Opinião Luzilá Gonçalves Ferreira: Cajus II Luzilá Gonçalves Ferreira é doutora em Letras pela Universidade de Paris VII e membro da Academia Pernambucana de Letras

Publicado em: 24/10/2017 07:17 Atualizado em:

Semana passada comentei a notícia: indústria europeia de cosméticos inaugura linha de produtos de beleza à base de caju, fonte de rejuvenescimento para todas nós, assegura-se. Eu preferiria pensar no que disseram nossos poetas, que já no século 17 louvaram a excelência do caju, cores e formas, e já então, com um certo orgulho patriótico. Como, por volta de 1704, Manuel Botelho de Oliveira (Música do Parnasso) e Frei Manuel de Itaparica (Descrição da Ilha de Itaparica) que falam de “Cajus belos”, assinalam a diversidade de cores e sabores. Mas, nacionalistas antecipados, insistem na superioridade do que é nosso: falam da castanha “que é melhor que a da França, Itália, Espanha” (Botelho) e da “brasílica castanha mais saborosa que a que cria Espanha” (Itaparica). Um século mais tarde o revolucionário Natividade Saldanha, tomado de saudade gustativa, no exílio, convida a amada ao ponche gostoso do loiro caju, “que aviva o prazer” até no Olimpo. Mais perto de nós, Joaquim Cardozo louva as folhas cor-de-vinho dos cajueiros, arautos do verão que ilumina os domingos de setembro, pressagiando noites perfumadas de amor. Cardozo conversa com a chuva de caju, a mesma que atravessa os arrabaldes cantados por Mauro Mota que fez de sua tese acadêmica, recentemente reeditada pela Cepe, um canto de amor à fruta, tese em que poesia e ciência se mesclam, Marcus Accioly assinala a capacidade de adaptação do cajueiro pois “floresce em qualquer clima” e frutifica “ao mesmo tempo na praia e na caatinga”. Mas Celina de Holanda vai além: a visão da fruta vence o desânimo: no vermelho que prende o olhar há o gesto que busca se realizar, que fala da vida e de sua força.
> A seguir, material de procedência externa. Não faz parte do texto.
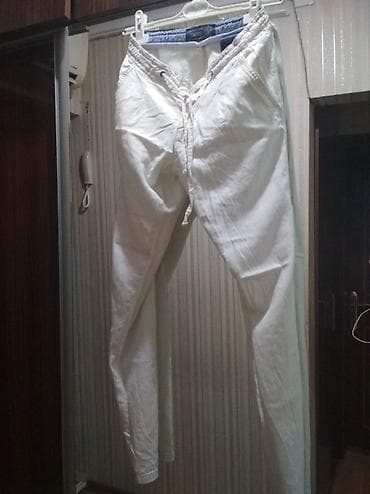 kətan şalvar: Orijinal brendler.33 olcu cins ketan.ferqlii debli modeller — 2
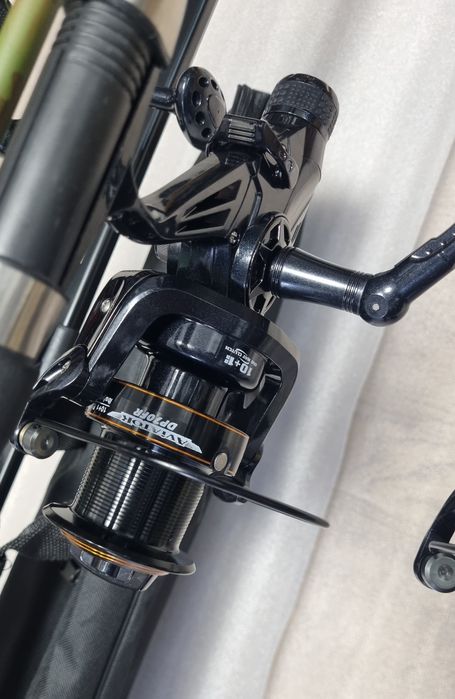 SET Complet Pescuit la Crap Camo 3.90m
Em uma de suas belas crônicas, Rubem Braga conta a morte do cajueiro familiar, cujos troncos conheceram, ao longo da vida da família, os pés de cada menino que crescia. Aqui em casa, um dos cajueiros tem sua morte anunciada. Ai de mim. Nunca deu um caju e está impedindo que se espraiem uma mangueira de frutas deliciosas e uma jaqueira que só consegue dar umas jaquinhas de nada (falta de sol?). O outro dominou o jardim, alimenta sabiás e jandaias (que aliás roem as castanhas ainda novinhas). Mas, nesse começo de verão, são poucos os frutos disponíveis para essa gente alada. Ficam cajus e castanhas para eles, enquanto vou à feirinha de Casa Forte comprar os cajus do Piauí.